The splitting work can be divided into the following major phases:
- In July, we created a shared code repository and divided the code into modules that could run independently. Specifically, all the code of the Zeus system was packaged to the server and then divided into modules. On a specified machine, only a specified module was started and a specified port was enabled.
- In August, we added a proxy to the to-be-migrated API of the original service. The proxy could be connected to the API of the new service. The service registry controlled the migration traffic.
- From August to early September, we split and transformed all the scripts and modules.
- In September, we made the code repository independent. With Git’s powerful filter-branch feature, we completely separated the code and change history in the modules from the original code repository. However, the system still adopted hybrid deployment. In the release tool, releasing an independent application actually meant replacing a directory under the large Zeus project.
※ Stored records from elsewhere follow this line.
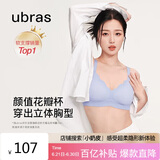 ubras花瓣杯软支撑文胸罩细肩带女士内衣女无钢圈聚拢奶盐蓝-背勾M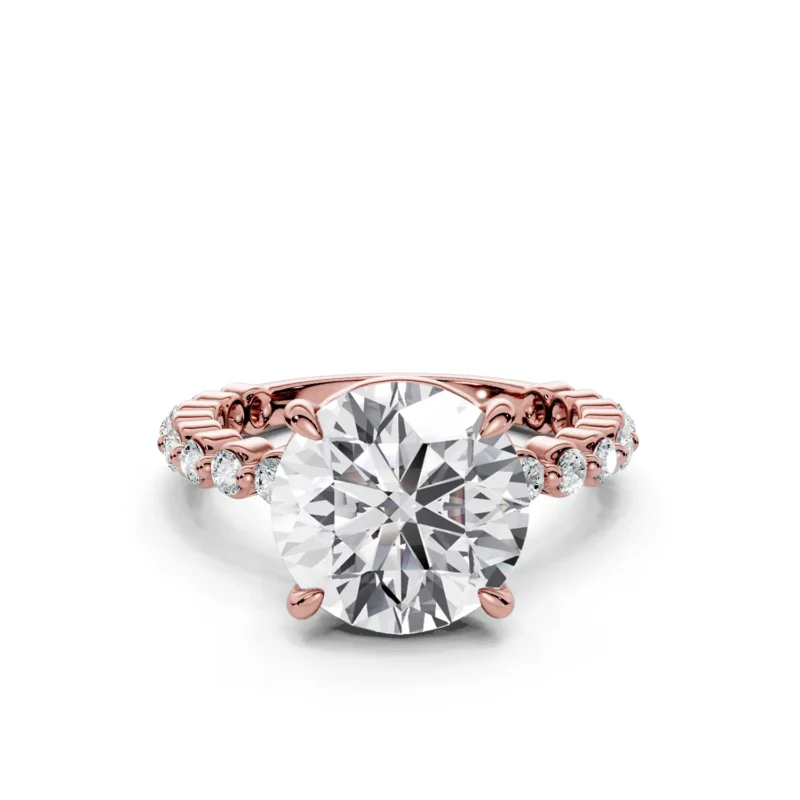 9 Solitary Fashion Four Prong Light Pass Standard Profile Alternating Pave 34 coverage round engagement ring 1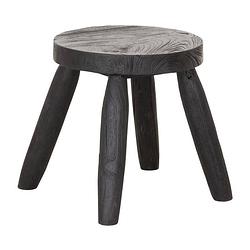 Foto van Must living stool melia black,31xø30 /45 cm, black recycled teakwoo...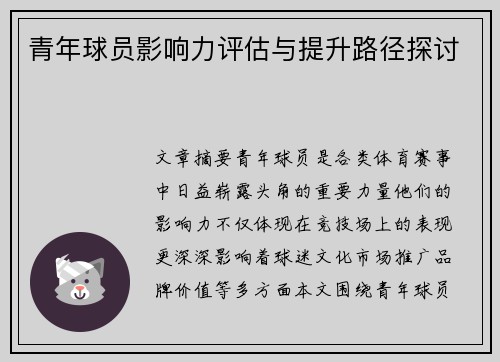 青年球员影响力评估与提升路径探讨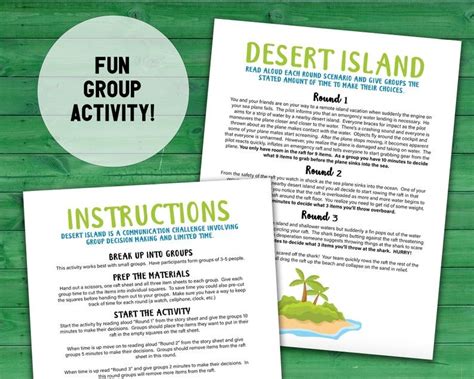 Desert Island Survival Group Communication Activity - Etsy | Communication activities, Desert ...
- In September, we made configurations independent. Originally, configurations were flushed to the server by saltstack and shared by multiple applications on the server. After optimization, we could obtain the configurations of an application by using the configuration delivery capability of the service registry. In this phase, the system basically transitioned to soft loads.
- In March 2016, we achieved independent physical deployment. This belongs to phase 2 of the decoupling task.
This splitting phase also brought about another product: zeus_core, the SOA framework of Python. Specifically, zeus_core was separated from the system around April, before the business services.
In the end, phase 1 of the decoupling task lasted about half a year. During this period, we did not cause any accidents and almost no emergencies occurred. Looking back now, I would say that this success was due to the efforts and good habits of the engineers and O&M personnel. We did not have any advanced skills or tools and did not have a full-time test developer.